I recently finished reading "The Tipping Point" and it got me thinking. There were several thought-worthy ideas in the book, but I'm only going to touch on one of the last impressions: The idea of parenting.
Gladwell, and others whom I have read, all point to research that indicates the complete lack of "parental influence" on children. Studies have shown that it doesn't matter who you are as a parent, or what you try to do, or how much time you spend with your kids, they will turn out differently from you. In other words, what I learning in High School Psychology was wrong, at least partially. The Nature via Nurture idea does not apply to parents. Rather, it is one's peers that define who you become*.
This has been bothersome to me. Parenting is extremely important, right? "Well, sure," these researchers say, "just not in any of the ways we typically think." Whatever that means.

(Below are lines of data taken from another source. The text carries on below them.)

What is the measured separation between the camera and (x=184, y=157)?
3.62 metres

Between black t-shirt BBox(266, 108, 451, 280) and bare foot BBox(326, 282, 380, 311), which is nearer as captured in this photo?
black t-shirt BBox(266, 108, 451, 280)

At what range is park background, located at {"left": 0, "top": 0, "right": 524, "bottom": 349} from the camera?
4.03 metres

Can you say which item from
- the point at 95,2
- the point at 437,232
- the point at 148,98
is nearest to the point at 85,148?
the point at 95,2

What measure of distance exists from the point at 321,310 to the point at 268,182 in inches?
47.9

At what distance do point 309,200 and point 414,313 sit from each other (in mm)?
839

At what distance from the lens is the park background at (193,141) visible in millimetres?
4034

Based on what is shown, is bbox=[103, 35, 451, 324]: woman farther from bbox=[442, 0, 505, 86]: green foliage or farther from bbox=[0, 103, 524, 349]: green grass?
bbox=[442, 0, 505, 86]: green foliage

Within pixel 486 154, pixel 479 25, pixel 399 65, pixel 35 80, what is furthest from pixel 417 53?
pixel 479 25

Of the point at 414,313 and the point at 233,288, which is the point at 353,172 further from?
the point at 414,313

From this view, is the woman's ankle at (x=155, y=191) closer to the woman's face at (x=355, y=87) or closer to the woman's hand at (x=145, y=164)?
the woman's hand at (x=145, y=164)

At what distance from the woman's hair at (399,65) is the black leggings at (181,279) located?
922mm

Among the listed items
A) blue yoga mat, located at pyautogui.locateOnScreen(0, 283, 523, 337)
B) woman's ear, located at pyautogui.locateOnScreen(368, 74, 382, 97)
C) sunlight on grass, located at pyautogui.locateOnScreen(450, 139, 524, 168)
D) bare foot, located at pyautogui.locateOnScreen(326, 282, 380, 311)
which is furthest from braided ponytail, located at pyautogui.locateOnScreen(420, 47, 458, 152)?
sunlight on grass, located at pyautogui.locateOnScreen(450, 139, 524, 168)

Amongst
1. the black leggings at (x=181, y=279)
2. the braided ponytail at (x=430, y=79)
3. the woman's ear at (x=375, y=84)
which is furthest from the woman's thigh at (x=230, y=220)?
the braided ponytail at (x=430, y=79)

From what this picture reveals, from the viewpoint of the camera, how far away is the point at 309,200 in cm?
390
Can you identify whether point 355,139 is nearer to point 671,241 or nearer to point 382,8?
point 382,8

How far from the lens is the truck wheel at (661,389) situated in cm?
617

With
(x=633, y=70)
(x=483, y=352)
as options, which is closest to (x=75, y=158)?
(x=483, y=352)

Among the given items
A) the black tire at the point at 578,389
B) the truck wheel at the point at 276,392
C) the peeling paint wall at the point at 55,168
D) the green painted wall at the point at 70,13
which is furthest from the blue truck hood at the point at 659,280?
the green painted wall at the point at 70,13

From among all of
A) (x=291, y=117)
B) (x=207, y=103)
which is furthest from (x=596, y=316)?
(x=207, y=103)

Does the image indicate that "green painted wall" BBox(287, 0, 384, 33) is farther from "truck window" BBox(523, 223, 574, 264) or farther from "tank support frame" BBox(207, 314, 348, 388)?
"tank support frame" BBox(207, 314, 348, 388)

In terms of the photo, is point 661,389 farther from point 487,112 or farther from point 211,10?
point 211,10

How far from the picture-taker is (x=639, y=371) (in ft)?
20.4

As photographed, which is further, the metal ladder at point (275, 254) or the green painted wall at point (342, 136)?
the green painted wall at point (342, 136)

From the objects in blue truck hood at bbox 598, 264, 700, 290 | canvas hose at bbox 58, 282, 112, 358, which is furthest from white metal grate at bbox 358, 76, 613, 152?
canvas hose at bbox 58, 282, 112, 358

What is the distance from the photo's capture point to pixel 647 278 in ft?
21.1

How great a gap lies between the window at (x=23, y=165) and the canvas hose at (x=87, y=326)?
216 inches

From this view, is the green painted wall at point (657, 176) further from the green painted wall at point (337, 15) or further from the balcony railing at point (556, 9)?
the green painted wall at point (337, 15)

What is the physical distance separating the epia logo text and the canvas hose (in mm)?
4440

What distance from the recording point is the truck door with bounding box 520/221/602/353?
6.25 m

Then I took a shower this morning. This is hardly abnormal behavior for me, and perhaps I learned it from my parents, whom, I'm quite confident shower every morning as well. My wife does not. I have not spent enough nights at her family's house to gage whether she got that from her family or not either. But, I digress, slightly.

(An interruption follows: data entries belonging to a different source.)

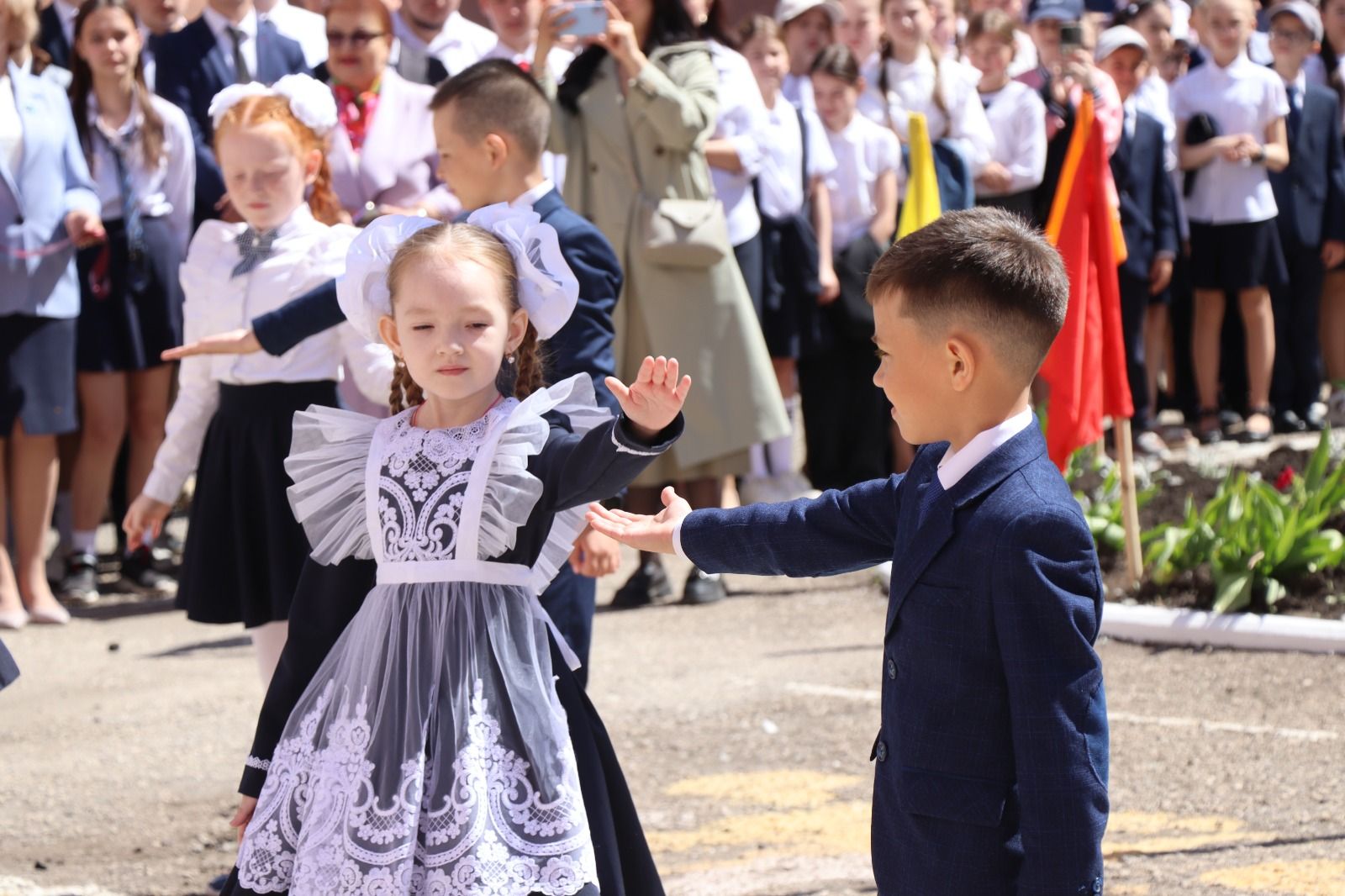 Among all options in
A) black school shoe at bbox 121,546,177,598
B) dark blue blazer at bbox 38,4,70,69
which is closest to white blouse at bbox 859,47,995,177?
dark blue blazer at bbox 38,4,70,69

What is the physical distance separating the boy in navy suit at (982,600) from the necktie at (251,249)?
2348 millimetres

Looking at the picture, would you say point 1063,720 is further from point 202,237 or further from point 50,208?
point 50,208

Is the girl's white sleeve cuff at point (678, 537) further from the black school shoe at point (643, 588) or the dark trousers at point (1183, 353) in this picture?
the dark trousers at point (1183, 353)

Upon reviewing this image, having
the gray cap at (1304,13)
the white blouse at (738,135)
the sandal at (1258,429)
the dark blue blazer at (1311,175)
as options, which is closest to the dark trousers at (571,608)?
the white blouse at (738,135)

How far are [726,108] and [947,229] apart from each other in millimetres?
5375

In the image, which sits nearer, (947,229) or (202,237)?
(947,229)

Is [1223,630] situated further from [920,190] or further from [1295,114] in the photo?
[1295,114]

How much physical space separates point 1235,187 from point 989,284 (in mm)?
7834

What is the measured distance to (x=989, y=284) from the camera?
270cm

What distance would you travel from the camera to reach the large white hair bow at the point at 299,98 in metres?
4.69

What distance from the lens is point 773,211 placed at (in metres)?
8.26

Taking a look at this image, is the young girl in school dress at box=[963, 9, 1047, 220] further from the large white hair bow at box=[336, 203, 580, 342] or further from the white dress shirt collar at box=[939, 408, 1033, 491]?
the white dress shirt collar at box=[939, 408, 1033, 491]

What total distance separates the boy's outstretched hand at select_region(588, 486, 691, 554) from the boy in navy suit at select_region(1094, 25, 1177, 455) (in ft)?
22.8

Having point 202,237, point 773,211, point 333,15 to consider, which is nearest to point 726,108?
point 773,211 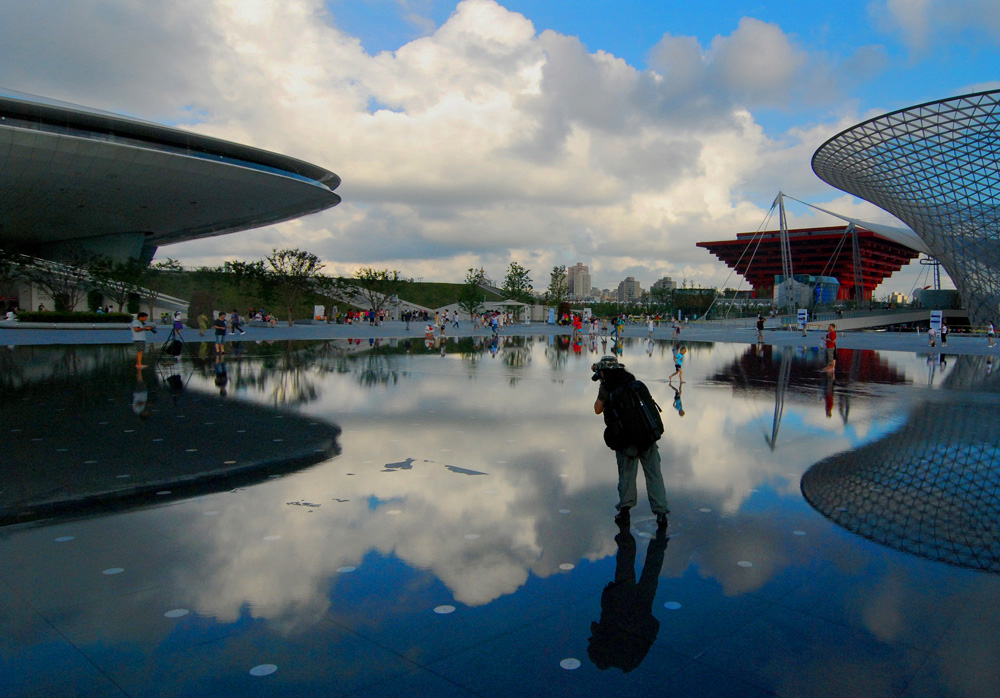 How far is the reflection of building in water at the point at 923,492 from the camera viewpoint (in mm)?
4941

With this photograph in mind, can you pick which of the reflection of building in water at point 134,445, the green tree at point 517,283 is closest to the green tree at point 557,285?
the green tree at point 517,283

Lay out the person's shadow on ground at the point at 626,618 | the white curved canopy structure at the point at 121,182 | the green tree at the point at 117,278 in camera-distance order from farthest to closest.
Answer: the green tree at the point at 117,278 → the white curved canopy structure at the point at 121,182 → the person's shadow on ground at the point at 626,618

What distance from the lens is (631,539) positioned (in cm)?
496

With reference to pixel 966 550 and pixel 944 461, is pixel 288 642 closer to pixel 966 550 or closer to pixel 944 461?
pixel 966 550

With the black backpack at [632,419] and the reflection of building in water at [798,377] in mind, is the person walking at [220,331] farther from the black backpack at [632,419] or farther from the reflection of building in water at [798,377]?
the black backpack at [632,419]

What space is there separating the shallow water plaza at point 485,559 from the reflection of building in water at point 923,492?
4 centimetres

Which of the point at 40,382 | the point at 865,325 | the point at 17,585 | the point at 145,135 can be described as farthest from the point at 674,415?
the point at 865,325

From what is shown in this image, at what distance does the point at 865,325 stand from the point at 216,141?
233 ft

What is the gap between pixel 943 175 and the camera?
4531 cm

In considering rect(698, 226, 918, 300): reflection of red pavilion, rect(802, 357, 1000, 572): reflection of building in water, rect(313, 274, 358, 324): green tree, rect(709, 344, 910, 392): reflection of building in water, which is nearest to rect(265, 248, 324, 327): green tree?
rect(313, 274, 358, 324): green tree

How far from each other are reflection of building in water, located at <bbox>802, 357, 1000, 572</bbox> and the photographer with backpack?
162 centimetres

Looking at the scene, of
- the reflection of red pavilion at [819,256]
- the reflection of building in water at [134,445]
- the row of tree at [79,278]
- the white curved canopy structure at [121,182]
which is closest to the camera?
the reflection of building in water at [134,445]

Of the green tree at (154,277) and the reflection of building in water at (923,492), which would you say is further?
the green tree at (154,277)

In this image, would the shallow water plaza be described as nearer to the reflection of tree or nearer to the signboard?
the reflection of tree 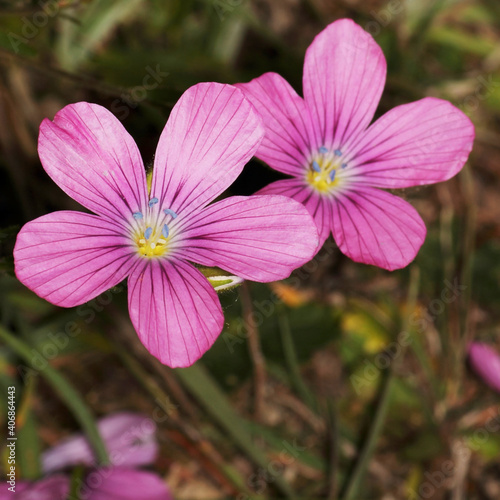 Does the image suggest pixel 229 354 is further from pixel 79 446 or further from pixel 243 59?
pixel 243 59

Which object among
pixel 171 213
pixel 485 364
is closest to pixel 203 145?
pixel 171 213

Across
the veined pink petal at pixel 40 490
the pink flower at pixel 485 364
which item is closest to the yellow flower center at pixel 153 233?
the veined pink petal at pixel 40 490

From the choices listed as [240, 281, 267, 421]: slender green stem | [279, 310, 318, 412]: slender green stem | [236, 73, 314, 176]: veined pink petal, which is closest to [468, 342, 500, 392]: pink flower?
[279, 310, 318, 412]: slender green stem

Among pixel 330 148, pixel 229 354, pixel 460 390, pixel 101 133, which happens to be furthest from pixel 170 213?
pixel 460 390

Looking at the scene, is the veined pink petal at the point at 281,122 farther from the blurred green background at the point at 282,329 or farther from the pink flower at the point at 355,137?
the blurred green background at the point at 282,329

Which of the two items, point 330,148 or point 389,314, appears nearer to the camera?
point 330,148

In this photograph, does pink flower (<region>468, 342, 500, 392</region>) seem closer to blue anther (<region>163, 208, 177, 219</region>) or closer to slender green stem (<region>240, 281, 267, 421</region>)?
slender green stem (<region>240, 281, 267, 421</region>)
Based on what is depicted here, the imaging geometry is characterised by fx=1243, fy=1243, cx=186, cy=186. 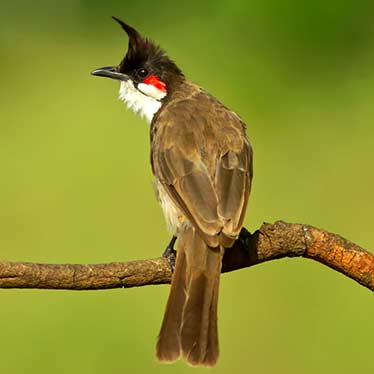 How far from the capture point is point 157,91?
4.54 m

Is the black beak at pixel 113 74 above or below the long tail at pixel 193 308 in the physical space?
above

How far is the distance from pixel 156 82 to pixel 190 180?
744mm

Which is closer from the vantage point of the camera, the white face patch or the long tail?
the long tail

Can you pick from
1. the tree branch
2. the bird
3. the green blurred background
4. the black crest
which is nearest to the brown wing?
the bird

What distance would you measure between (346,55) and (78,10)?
186 cm

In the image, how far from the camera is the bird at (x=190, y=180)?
3525 millimetres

In the shower I remembered a sermon I heard, oh, years ago. In it my pastor described parenting like being a good archer, taken from the passage that says that children are like arrows. The goal of the archer is not to make the arrows, that's the work of a fletcher; rather, a good archer positions the arrow so it flies in the direction it should go. Thus, parenting is not molding your children into something, but rather recognizing who they are, what they are designed for, and then pointing them in the direction they should go and letting go. Good parenting is recognizing who your kids are and encouraging them in that.
This opens up a whole new response to the current research. Of course you can't make your kids turn out a certain way. That's already set in motion by who they are. The purpose of parenting is to gently, carefully, point the children in the right direction for who they are. Sure, instill values in your kids, teach them, encourage them to do good, but ultimately the job of a parent is to see where the child is designed to go, point them in that direction, and let them fly.
I've got more thoughts on kids bumping around in the back of my head, but I have to go to my nephew's first birthday party. I guess I'll have kids on my mind all day.
*These studies do not mention Homeschooling, so I'm curious to see how a kid whose peers are his family turns out.